The rare Przewalski horse, an endangered species, was created from cells taken from a stallion that had been frozen at the San Diego Zoo for 40 years before being fused with an egg from a domestic horse.
Once the nucleus of the ovum was removed, which guaranteed that Kurt would be fully Przewalski, the cells were implanted into the mare who would become his mother on August 6.
The result, officials say, is the world's first cloned Przewalski horse.
The zoo considers the birth a milestone in attempts to restore the population of this horse, also called the Asian wild horse or Mongolian wild horse. These small and robust animals (they are between 1.2 and 1.5 meters tall - 4 to 5 feet - up to the withers) are considered extinct in the wild and barely total about 2,000 in zoos and controlled habitats. Their limited set of genes puts them at a reproductive disadvantage.
This foal is anticipated to be one of the most genetically important individuals of its species, Bob Wiese, chief biological science officer at San Diego Zoo Global, which operates the zoo, said in a statement. We are hopeful that it will bring significant genetic variation to the future of the Przewalski horse population.
Although he's only two months old, Kurt's birth was made possible in 1980 when cells were taken from a 5-year-old stallion and frozen at the so-called San Diego Frozen Zoo. His father died in 1998.
Kurt was named in honor of Kurt Benirschke, who played a key role in the creation of the Frozen Zoo with his extensive research and cell culture program.
A central tenet of the Frozen Zoo, when established by Dr.

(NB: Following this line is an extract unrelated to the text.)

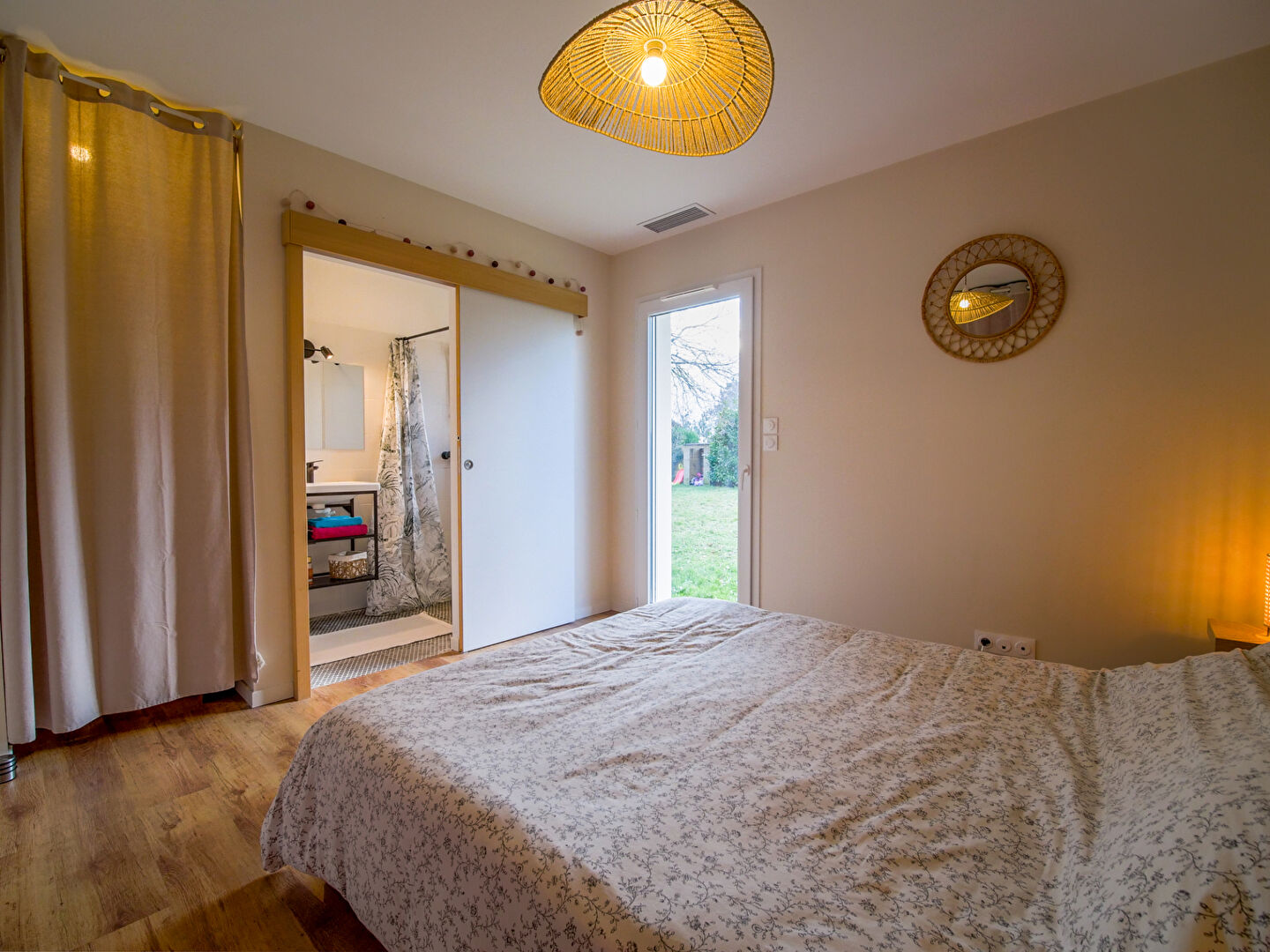 Photo Maison lumineuse contemporaine en lisière de forêt image 4/6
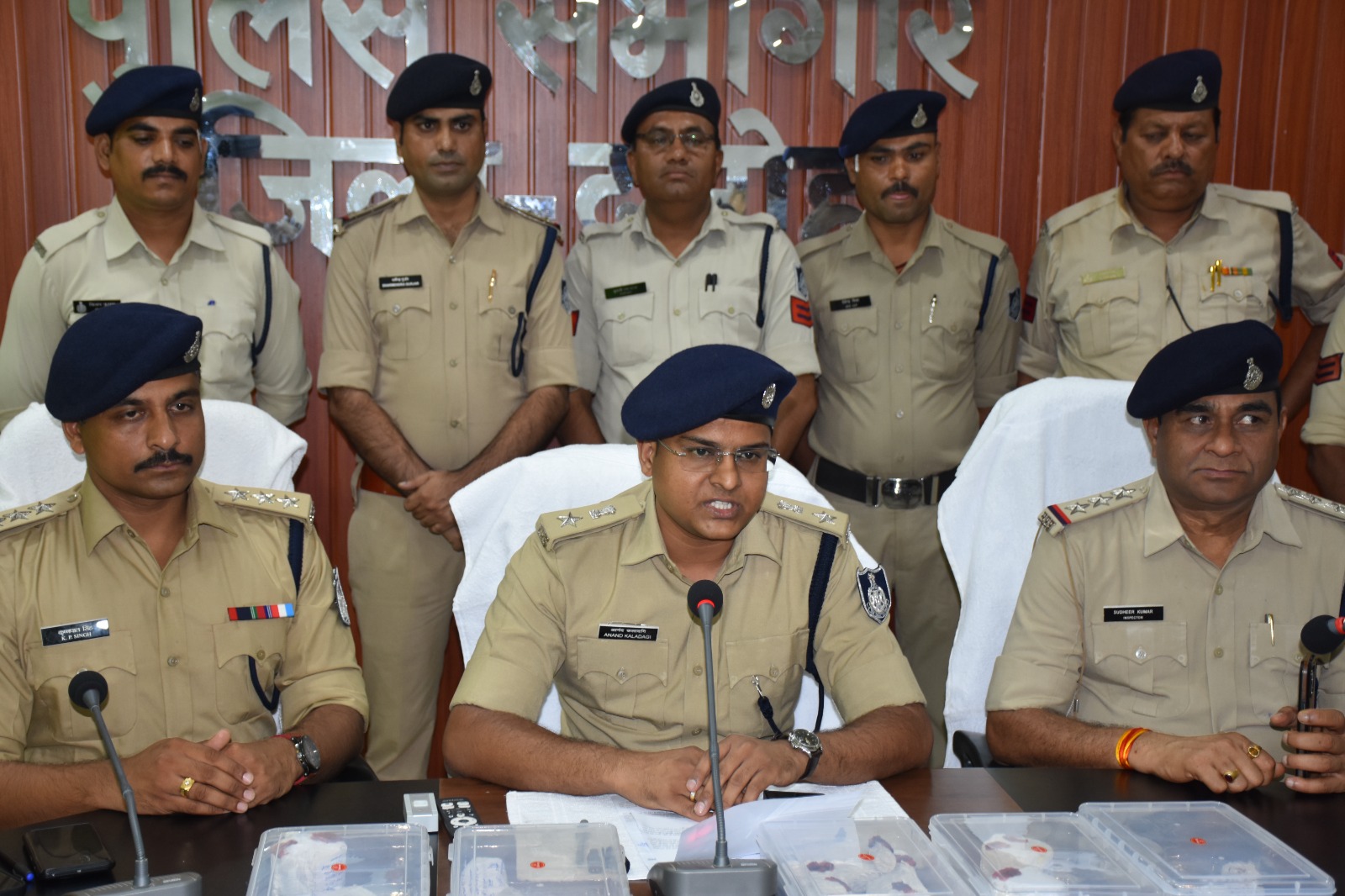 हटा पुलिस की बड़ी कार्रवाई: अंतर-जिला हथियार तस्कर गिरोह का खुलासा, 9 आरोपी गिरफ्तार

Benirschke, was that it would be used for purposes that were not possible at the time, said Oliver Ryder, director of genetics at San Diego Zoo Global.
The zoo worked in collaboration with the California conservation group Revive & Restore and the ViaGen Equine Company of Texas to create Kurt. He was born in a veterinary facility in Texas where he will continue to live with his mother for probably another year.

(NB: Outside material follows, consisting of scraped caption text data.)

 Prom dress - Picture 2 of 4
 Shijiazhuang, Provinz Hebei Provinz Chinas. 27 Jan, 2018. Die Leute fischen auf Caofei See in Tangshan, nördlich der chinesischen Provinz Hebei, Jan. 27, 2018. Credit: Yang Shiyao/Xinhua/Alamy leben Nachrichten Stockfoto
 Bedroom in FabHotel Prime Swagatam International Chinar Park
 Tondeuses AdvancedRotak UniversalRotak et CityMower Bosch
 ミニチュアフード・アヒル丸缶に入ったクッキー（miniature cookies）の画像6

He will eventually be integrated into the zoo's Przewalski horse population, where he is expected to one day become a father.

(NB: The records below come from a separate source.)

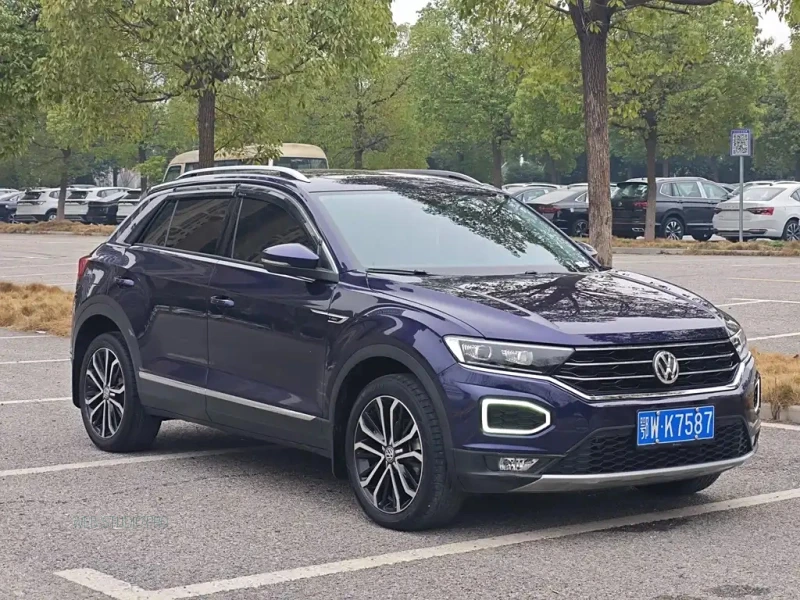 VOLKSWAGEN T-ROC TANGE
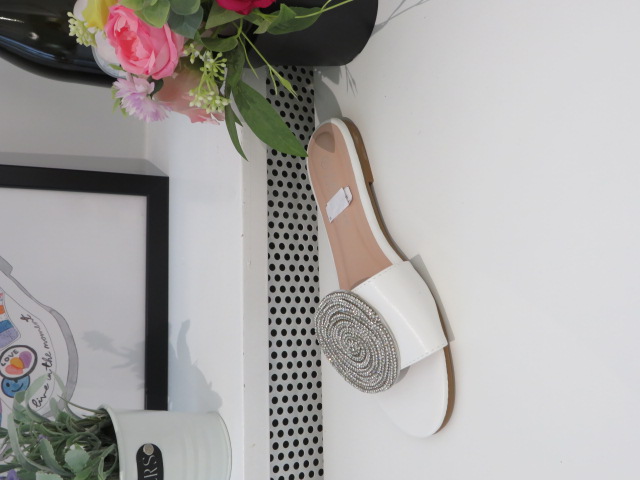 Klapki Damskie BQB7667 WHITE 36-41 1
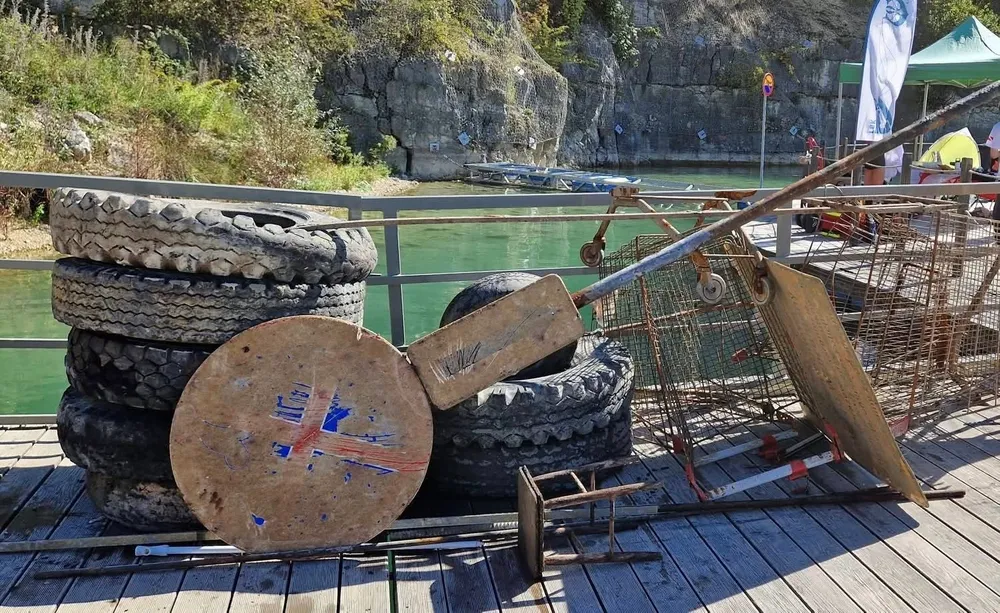 Rower, taboret, wózki, znaki drogowe i opony. Nurkowie posprzątali popularne kąpielisko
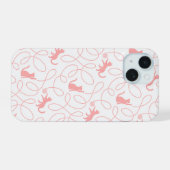 遊び心あふれる猫と毛糸玉のパターン ライトコーラルピンク iPhone 15ケース (裏面横)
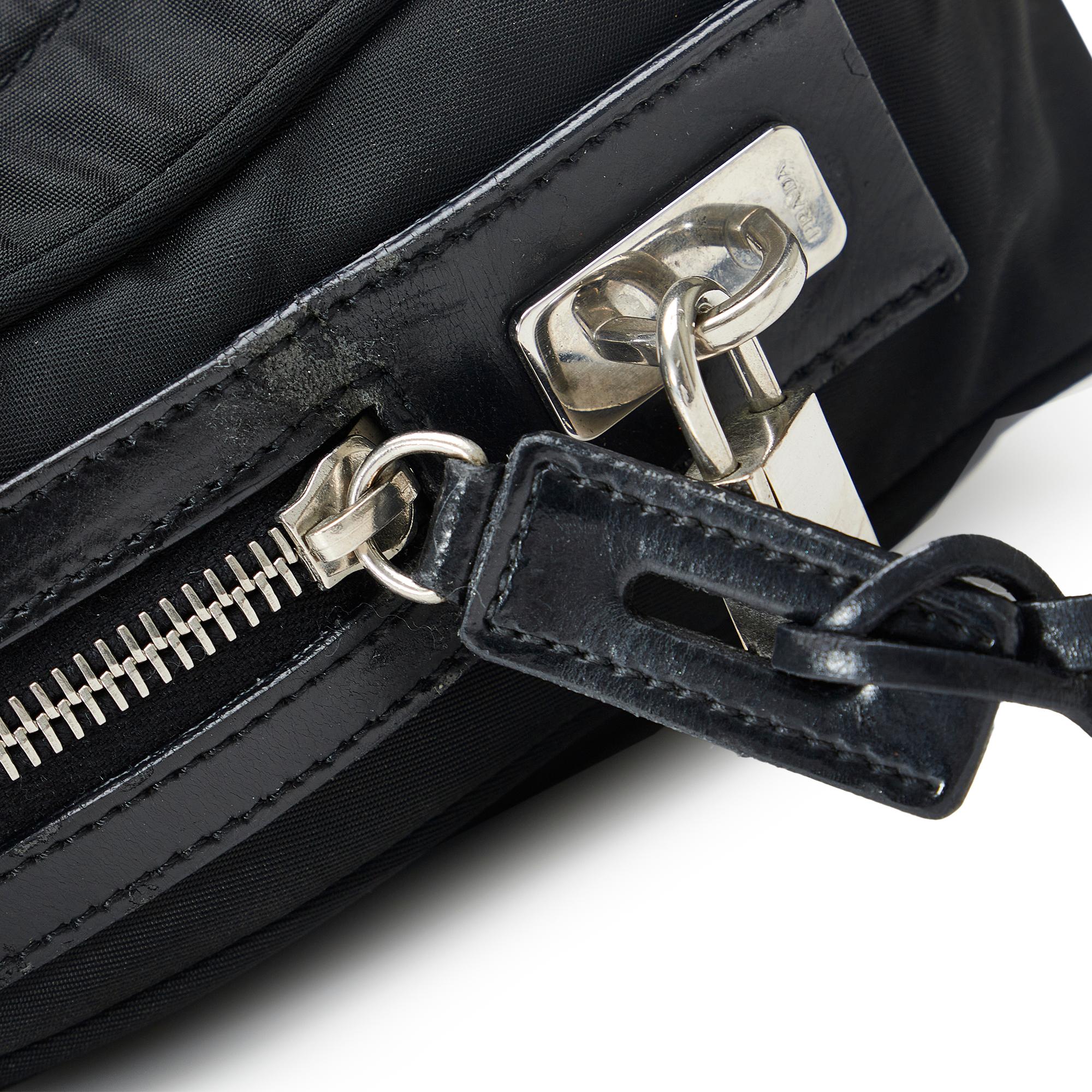 Prada Tessuto Shoulder Bag (SHG-G3rC3l)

The Przewalski horses are named after the Russian explorer Nikolai Przewalski, who discovered the skull and skin of a specimen and donated them to a Russian museum.
Those horses came to live throughout Europe and Asia, according to the National Zoo and the Smithsonian Institute for Conservation Biology. But in the long run the invasion of human populations and livestock displaced them from Europe to the east, to parts of Asia like the Gobi Desert . Outside of zoos, they only exist where they have been reintroduced in Mongolia, China, and Kazakhstan.
According to the Smithsonian, they are the only true wild horses left in the world. The institute claims that wild herds in North America and Australia don't count because they are descendants of escaped domestic horses.